When irreverent is too nice for words

As a rule writing in English is very rewarding. It's a flexible language that delights in borrowing terms from other cultures and making them its own. Just goes to show that when done well, appropriation can be a wonderful thing. 

There's a rhythm to English writing that's not present in other languages. It's short, clipped, to the point. But it can also be lyrical when wielded by the right pen. Like, say, Bill Bryson's. Or P.G. Wodehouse's. 

It is, however, terribly lacking in accents. You can do so much with the squiggly things. The straight ones, too. English uses letters, sometimes too many of them but more often than not the same ones used differently. Though he thought about a trough. En français on se gratte la tête pour connaître la difference entre a et à. There's so much artistry in accents that diphthongs cruelly fail to possess, even those that have unnecessary Hs in them. 

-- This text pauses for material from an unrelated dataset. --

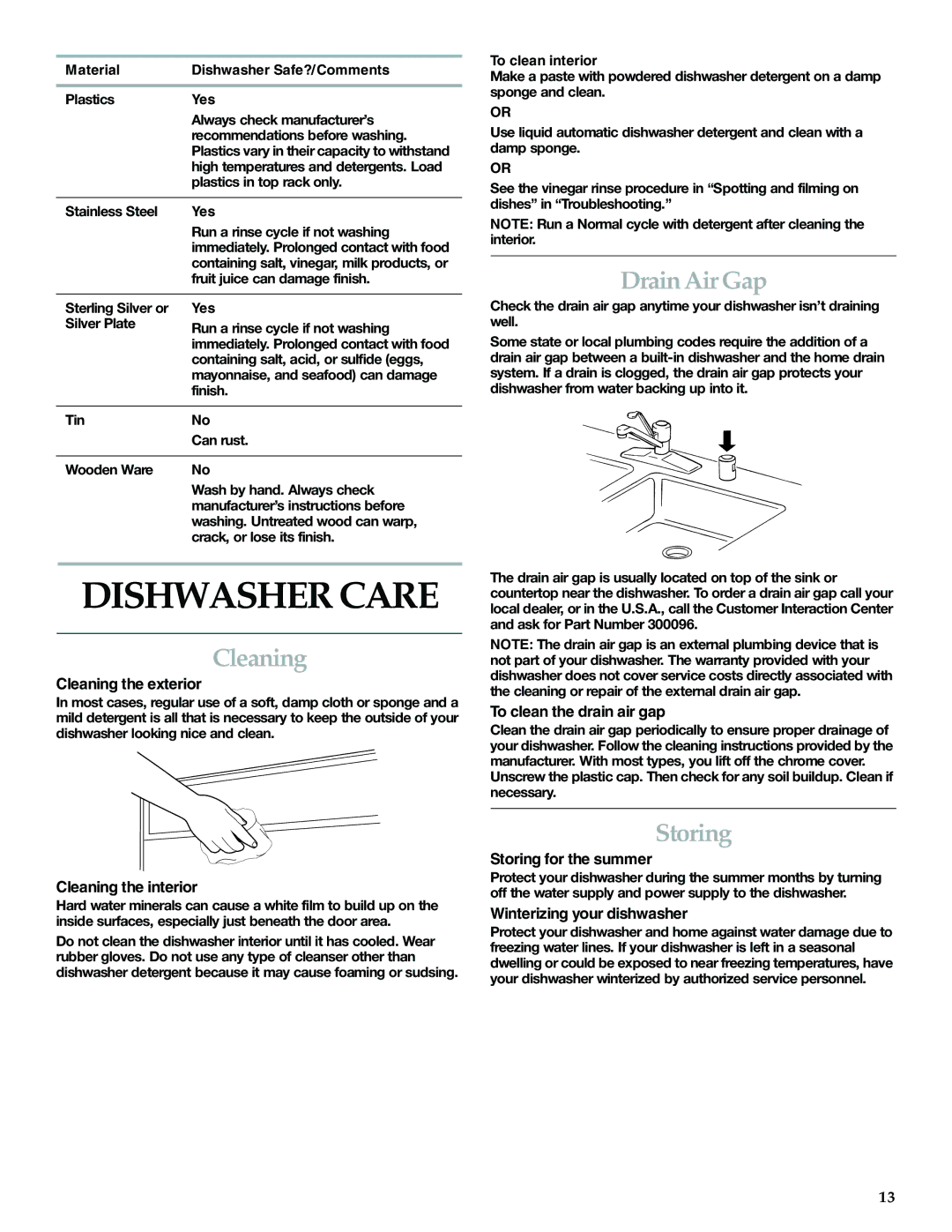 KitchenAid KUDI01FK manual Dishwasher Care, Cleaning, Drain Air Gap, Storing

But whatever. I write mostly in English because I've been working in that language so much it's almost replaced my mother tongue as far as ease of use is concerned. I think very rarely in French. I certainly dream in English. Even when I'm asleep. 

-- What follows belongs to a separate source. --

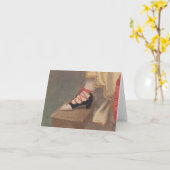 レースアップシューズ1860sの女性の足 カード (黄色い花)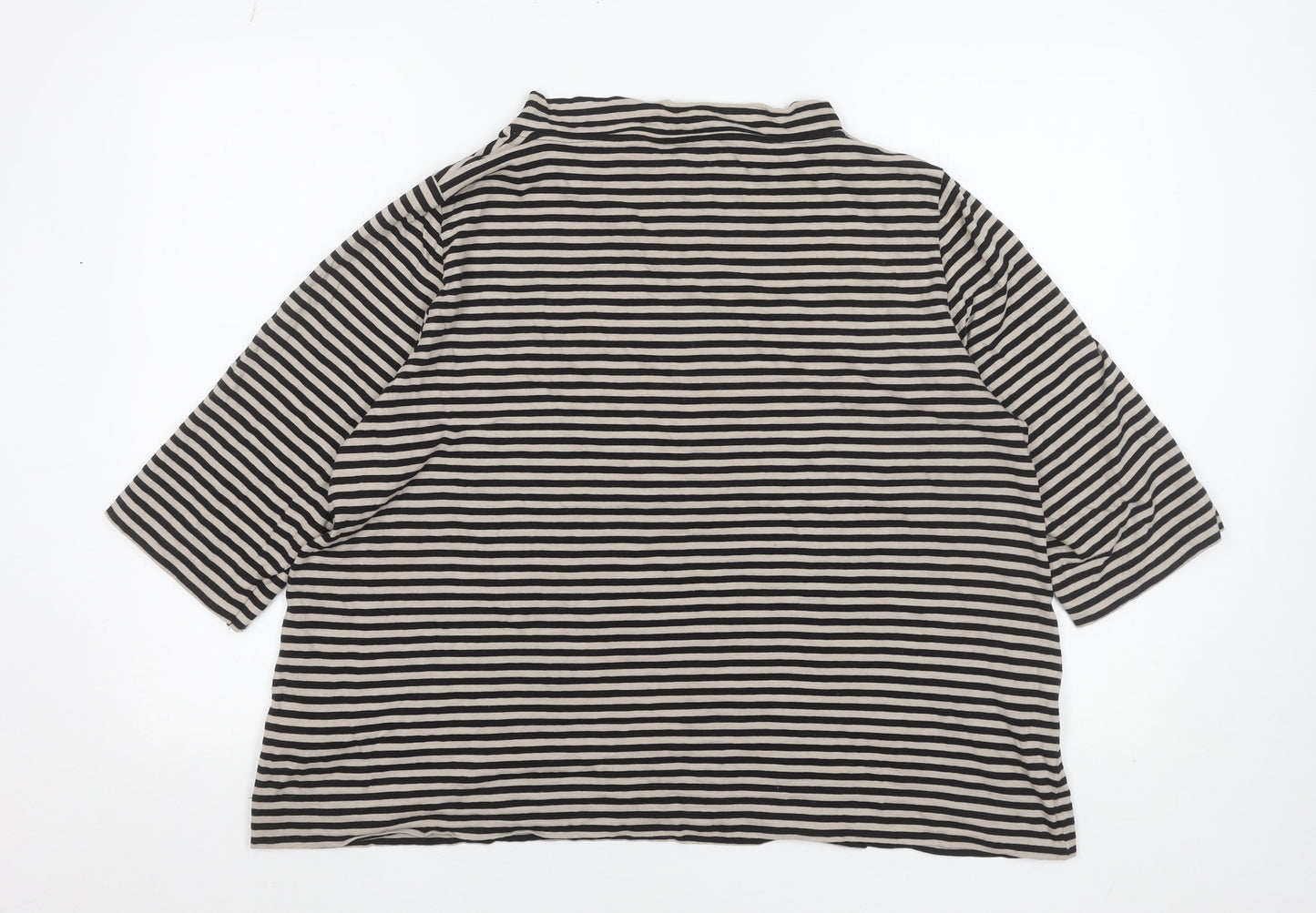 Carolyn Donnelly Women's Black Striped 3/4 Sleeve Cotton T-Shirt L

Which is too bad, in a way, because one thing that only the French language of my youth can do is convey a feeling of being baveux. It's a purely Québécois term, sort of like irreverent but with a lot more zip. (Don't bother looking it up, you'll get lost in drool. No, really.) It doesn't ever get close to being used in English prose. And that's a damn shame. Because a good baveux text, from a good baveux author, is a thing of intense joy. 

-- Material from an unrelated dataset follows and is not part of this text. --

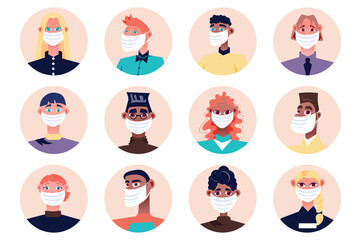 People in medical masks avatars isolated set. Diverse men and women wearing protective masks with different look. Female and male mascots. Vector illustration with characters in flat cartoon design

I was reminded of this term and what it means to me by the wonderful Marie-Louise Arsenault who runs the indispensable Plus on est de fous plus on lit radio show on the French side of the CBC. Along with guests and various contributors they chat about current events and books. Lots of books. Some of whose authors the host describes as baveux. I hadn't heard that word in a long while. Much too long. She brought it back for me. 

And it got me thinking. 

I used to write like that a lot more than I do now. I also used to enjoy the act of writing then more than I do now. Maybe being a baveuse is my voice, my tool, what sets my art apart from anyone else's. Maybe when I try to be rational or inspiring I just wind up dull instead. 

I don't like being dull. 

So, herewith and without further ado, although I keep dragging this silly old introduction along for no good reason at all, is my little explanation of why baveuserie is so darn awesome. Oreilles sensibles, s'abstenir. Or in English: Excuse my French. 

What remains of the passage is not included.